Fast-forward to October of my senior year of college: I found myself more alone and depressed than I had been in a very long time. I considered dropping out, transferring to a school close to home and eventually decided that I was too close to graduation to give up. So I stuck it out, and for months, I was convinced my life was going to be miserable until graduation. I closed myself off to new experiences, new people and once again found myself counting down the months. I found myself as caught up with the next big thing as I was six years ago waiting to get my braces removed.
This time, however, I remembered that this mentality would not fix my unhappiness. After some time I decided to make the conscious effort to make the most of my remaining time at Alabama. I did so to enjoy life not in anticipation of the next big thing in search of deriving purpose from the many small things left, too.
My advice to both my fellow graduates and to those who will remain here long after I am gone is avoid getting caught up waiting for the next big thing. Whether that means starting therapy, changing your diet long before you are concerned about spring break, or even just embracing the time you have left in college, there is so much room to grow by making the most of the present.
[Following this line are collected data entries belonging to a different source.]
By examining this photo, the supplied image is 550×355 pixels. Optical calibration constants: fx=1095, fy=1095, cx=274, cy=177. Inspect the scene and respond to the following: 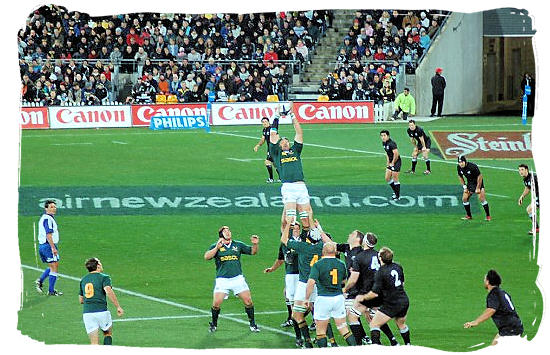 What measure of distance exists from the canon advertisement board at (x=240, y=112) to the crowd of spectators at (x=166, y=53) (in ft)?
0.41

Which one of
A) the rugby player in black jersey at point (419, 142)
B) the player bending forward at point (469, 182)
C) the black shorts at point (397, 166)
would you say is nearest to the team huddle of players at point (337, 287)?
the player bending forward at point (469, 182)

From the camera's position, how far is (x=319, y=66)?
14766mm

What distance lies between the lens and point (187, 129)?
16.0m

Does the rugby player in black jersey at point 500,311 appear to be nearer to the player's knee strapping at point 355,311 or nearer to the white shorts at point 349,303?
the player's knee strapping at point 355,311

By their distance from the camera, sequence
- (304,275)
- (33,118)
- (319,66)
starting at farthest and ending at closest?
(319,66), (33,118), (304,275)

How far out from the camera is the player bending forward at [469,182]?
1521 centimetres

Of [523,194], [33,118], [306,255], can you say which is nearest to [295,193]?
[306,255]

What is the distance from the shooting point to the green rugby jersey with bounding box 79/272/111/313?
11.9 m

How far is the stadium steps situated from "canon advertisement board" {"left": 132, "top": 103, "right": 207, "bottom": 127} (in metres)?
1.34

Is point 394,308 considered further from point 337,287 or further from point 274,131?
point 274,131

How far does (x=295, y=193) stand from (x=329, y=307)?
3263 millimetres

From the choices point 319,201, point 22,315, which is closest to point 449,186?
point 319,201

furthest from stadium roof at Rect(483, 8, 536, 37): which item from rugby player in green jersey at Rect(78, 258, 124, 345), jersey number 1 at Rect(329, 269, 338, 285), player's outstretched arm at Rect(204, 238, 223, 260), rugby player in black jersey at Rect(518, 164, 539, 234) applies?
rugby player in green jersey at Rect(78, 258, 124, 345)

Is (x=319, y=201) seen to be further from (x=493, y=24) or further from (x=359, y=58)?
(x=493, y=24) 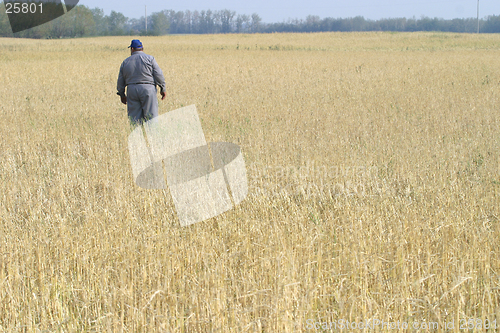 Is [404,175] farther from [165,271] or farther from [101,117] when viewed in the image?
[101,117]

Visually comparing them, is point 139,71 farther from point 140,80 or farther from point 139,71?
point 140,80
Some of my happiest and most meaningful memories at UA have been born out of creating opportunity at times when it would have been easiest to throw in the towel and hope for things to fix themselves.
I think all too often we forget that instead of doting on the things we don’t have, we can create our own big things. After experiencing the devastating effects of sexual assault firsthand during my freshman year, I realized that no change was going to occur by just waiting around, and the following fall I started Not On My Campus, a sexual assault advocacy and awareness organization. When I felt as if student health and wellbeing concerns were at a disconnect with administration, I was conveniently asked to help create the Advisory Council on Wellness during my senior year. This is not to say that I do this perfectly, but rather, to illustrate the opportunities that came forth when I realized that my four years were not meant to be lived waiting for the next big thing to come my way.
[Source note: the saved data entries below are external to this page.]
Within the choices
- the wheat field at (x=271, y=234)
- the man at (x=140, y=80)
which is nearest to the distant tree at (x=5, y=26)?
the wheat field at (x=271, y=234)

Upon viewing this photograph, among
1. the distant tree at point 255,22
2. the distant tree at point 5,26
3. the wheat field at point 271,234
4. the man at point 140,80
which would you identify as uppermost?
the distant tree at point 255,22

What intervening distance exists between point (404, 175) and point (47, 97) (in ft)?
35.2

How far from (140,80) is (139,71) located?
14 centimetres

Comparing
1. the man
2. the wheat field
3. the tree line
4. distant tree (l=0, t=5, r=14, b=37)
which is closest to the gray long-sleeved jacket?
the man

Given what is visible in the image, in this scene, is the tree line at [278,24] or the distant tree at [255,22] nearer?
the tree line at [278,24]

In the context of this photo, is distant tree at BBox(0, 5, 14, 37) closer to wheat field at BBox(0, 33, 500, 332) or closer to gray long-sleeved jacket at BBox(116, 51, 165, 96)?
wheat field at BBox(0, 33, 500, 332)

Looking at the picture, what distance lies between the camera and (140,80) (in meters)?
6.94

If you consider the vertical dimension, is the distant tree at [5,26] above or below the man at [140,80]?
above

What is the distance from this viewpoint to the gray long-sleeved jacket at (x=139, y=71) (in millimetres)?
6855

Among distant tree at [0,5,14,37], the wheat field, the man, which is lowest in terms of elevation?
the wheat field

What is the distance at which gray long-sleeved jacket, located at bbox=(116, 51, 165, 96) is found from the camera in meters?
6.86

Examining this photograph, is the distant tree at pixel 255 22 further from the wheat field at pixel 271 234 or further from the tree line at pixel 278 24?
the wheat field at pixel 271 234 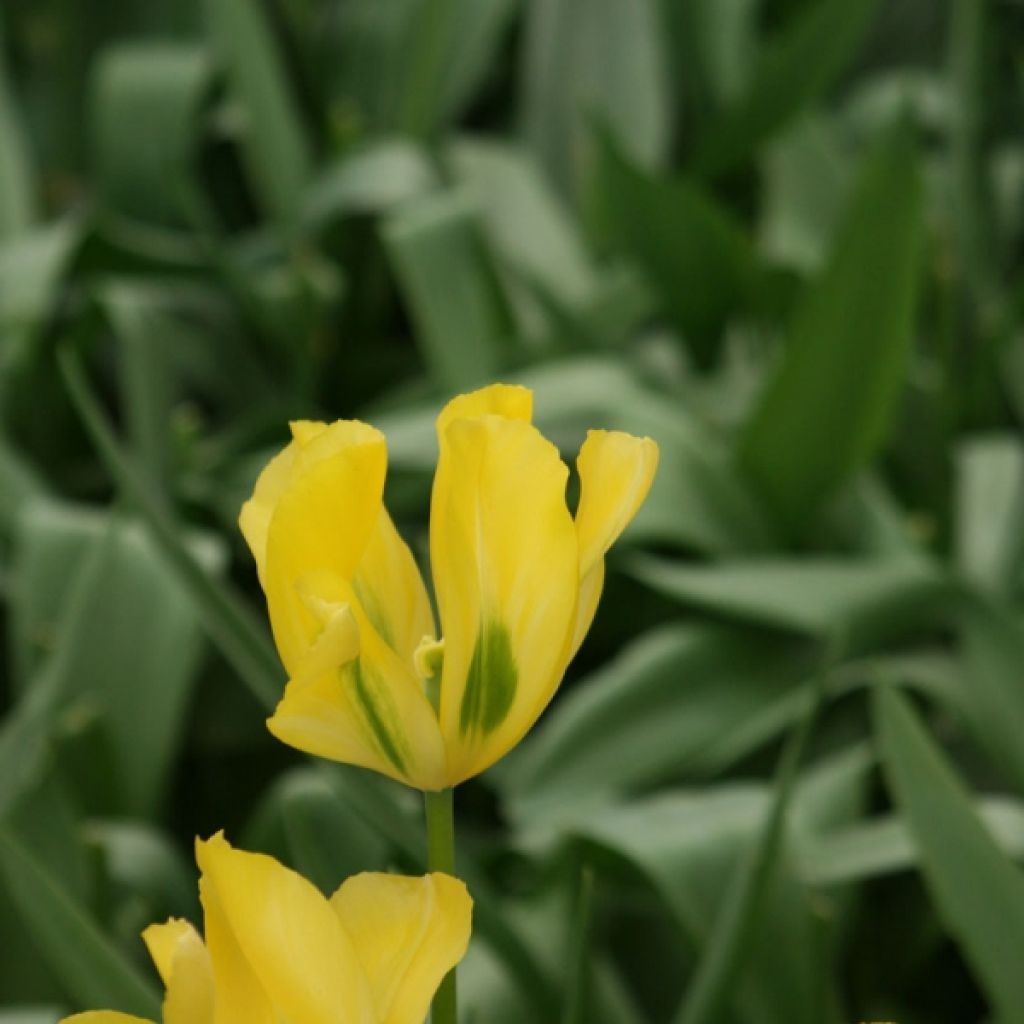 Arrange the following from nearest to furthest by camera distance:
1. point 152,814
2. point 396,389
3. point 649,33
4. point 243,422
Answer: point 152,814 → point 243,422 → point 396,389 → point 649,33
Many times it is hard to do so. It is all too easy to get caught up in superficial things such as the amount of leadership positions we hold or even the amount of date parties we are asked to (one, for the record). But while these are fun and exciting, they should not negate the tremendous joy to be found in the world around you each day. Furthermore, there will always be roadblocks regardless of how pretty you look, how many cords you wear or how many likes you get on your Instagram posts. Things only change when you put in the time and effort to make the most of your situation and bloom where you are planted.
As I started to pack up my things the other day and get ready to leave Tuscaloosa, I found my retainer in a box of old belongings. I washed it, tried it on, and, unsurprisingly, it barely fit over my slightly crooked teeth. I thought of braces and of October. I took the retainer out and decided to call my orthodontist for a check-up appointment. His receptionist did not sound pleased to hear from me, but I assured her that I didn’t see braces as a death sentence anymore. Now they are just another thing in what is a much bigger picture.
Madeline Anscombe is a senior majoring in anthropology.